Dataset:
----

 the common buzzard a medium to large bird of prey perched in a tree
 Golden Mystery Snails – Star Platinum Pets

----

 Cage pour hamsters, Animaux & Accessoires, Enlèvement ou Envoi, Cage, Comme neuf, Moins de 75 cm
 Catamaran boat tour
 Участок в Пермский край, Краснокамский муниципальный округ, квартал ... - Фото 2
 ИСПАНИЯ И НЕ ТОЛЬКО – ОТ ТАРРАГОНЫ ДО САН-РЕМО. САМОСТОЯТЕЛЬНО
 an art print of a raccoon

----

From the listing above, output exactly the run of lines that starts with the line containing "Catamaran boat tour" and ends with the line containing "an art print of a raccoon".

Solution to the exercise:
 Catamaran boat tour
 Участок в Пермский край, Краснокамский муниципальный округ, квартал ... - Фото 2
 ИСПАНИЯ И НЕ ТОЛЬКО – ОТ ТАРРАГОНЫ ДО САН-РЕМО. САМОСТОЯТЕЛЬНО
 an art print of a raccoon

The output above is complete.